A Visit to the R&D Dept of the New York Times - keltecp11
http://www.headshift.com/blog/2009/03/a-visit-to-the-rd-deparmtent-o.php

======
bkudria
This is the same exact coverage of the R&D lab we hear about every time - the
large collection of gadgets (look at us! we can spend money!), the living room
of the "future" (if you can build it, so can others. Yet, no one does...hmmm),
and the interactive newspaper stand (I've no words...).
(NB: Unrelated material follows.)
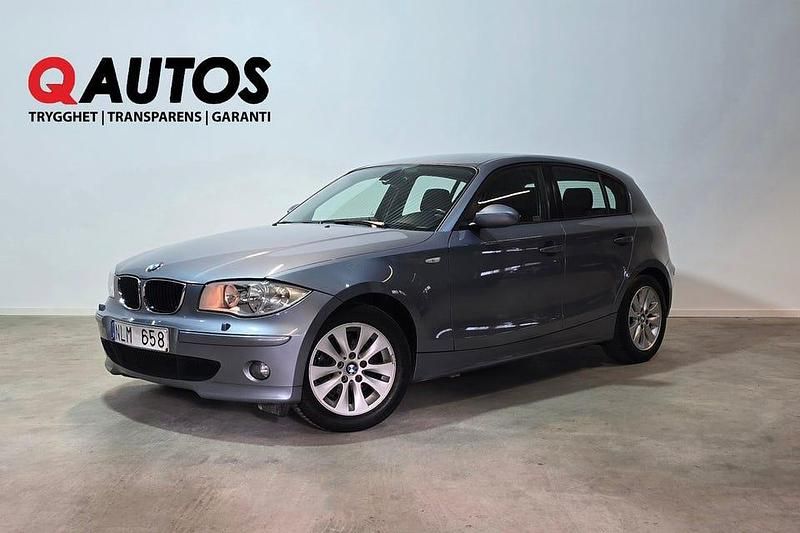 Blå Begagnad 2007 BMW 118 Advantage Halvkombi | 69 900 kr (Marknadspris) - Bild 1/3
I'm generally disappointed with with the NYT R&D lab. Shifd was kinda cool,
but, it's nothing groundbreaking. It seems to me all the real innovation is
coming out of the nytimes.com dev. team, while the R&D Department shows off
it's gadgets.

(Disclaimer: I worked for the NYT for a summer. I got this same exact tour of
the R&D floor. They are high up, the view out the windows was the best part.)

------
jerryji
No in depth coverage of the actual R&D that someone like me expected to read
and learn from, more like a sales pitch from the BizDev department.

------
keltecp11
Video: [http://www.niemanlab.org/2009/05/the-new-york-times-
envision...](http://www.niemanlab.org/2009/05/the-new-york-times-envisions-
version-20-of-the-newspaper/)